#### [Dataset entries]
>>>>

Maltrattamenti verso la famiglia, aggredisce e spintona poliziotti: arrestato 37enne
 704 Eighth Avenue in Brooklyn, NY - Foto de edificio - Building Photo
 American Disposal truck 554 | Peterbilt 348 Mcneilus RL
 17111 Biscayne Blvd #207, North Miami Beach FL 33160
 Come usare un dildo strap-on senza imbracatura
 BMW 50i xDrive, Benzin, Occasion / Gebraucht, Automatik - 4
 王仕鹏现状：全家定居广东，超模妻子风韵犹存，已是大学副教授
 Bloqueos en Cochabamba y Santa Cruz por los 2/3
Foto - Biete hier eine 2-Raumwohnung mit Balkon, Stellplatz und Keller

<<<<

#### [What to work on]
Copy, please, every line from the start of the entries down to the line that holds "Come usare un", with both of those lines included and no others.

#### [Written reply]
Maltrattamenti verso la famiglia, aggredisce e spintona poliziotti: arrestato 37enne
 704 Eighth Avenue in Brooklyn, NY - Foto de edificio - Building Photo
 American Disposal truck 554 | Peterbilt 348 Mcneilus RL
 17111 Biscayne Blvd #207, North Miami Beach FL 33160
 Come usare un dildo strap-on senza imbracatura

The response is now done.